The lines to return are those below that contain the word "Sale".

--- Extracted information Enclosed Below ---

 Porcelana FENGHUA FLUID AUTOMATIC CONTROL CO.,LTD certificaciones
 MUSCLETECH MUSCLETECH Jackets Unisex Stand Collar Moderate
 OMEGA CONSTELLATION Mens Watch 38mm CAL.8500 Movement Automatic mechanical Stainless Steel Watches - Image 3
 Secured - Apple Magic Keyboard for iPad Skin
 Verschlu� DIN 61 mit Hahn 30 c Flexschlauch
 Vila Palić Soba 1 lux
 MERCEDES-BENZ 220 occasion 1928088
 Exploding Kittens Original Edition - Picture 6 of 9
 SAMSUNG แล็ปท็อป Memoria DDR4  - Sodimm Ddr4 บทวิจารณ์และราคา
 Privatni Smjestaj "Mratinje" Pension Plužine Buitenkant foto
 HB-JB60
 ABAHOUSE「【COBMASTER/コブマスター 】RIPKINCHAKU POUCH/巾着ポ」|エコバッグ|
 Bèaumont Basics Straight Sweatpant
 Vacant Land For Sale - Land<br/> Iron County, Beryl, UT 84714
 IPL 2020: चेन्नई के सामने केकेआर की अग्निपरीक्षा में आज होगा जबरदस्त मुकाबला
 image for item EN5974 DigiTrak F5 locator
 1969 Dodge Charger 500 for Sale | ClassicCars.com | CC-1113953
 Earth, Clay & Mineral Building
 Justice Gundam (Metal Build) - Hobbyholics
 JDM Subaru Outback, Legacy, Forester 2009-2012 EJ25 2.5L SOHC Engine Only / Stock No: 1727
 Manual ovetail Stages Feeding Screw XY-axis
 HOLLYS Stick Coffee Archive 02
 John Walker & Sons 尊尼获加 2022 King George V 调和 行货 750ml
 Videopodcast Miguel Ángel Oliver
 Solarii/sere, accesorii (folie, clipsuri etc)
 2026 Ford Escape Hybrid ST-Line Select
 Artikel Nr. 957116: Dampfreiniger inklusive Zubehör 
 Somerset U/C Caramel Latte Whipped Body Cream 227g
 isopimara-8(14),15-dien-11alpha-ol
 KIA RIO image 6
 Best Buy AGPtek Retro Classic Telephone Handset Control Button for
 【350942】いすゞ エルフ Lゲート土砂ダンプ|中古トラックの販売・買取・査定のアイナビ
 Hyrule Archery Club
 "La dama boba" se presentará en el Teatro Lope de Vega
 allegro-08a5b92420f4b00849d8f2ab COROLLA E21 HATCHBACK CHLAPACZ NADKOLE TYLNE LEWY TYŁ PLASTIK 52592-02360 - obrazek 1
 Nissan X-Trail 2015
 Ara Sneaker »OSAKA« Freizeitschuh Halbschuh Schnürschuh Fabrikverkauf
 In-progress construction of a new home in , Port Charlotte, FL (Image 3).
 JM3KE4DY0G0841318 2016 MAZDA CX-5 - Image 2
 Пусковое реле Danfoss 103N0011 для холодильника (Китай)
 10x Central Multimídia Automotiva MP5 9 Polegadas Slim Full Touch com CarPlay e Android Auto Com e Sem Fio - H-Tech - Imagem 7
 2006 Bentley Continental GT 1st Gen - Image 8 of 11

--- End of Enclosed Extracted information ---

## Expected answer
 Vacant Land For Sale - Land<br/> Iron County, Beryl, UT 84714
 1969 Dodge Charger 500 for Sale | ClassicCars.com | CC-1113953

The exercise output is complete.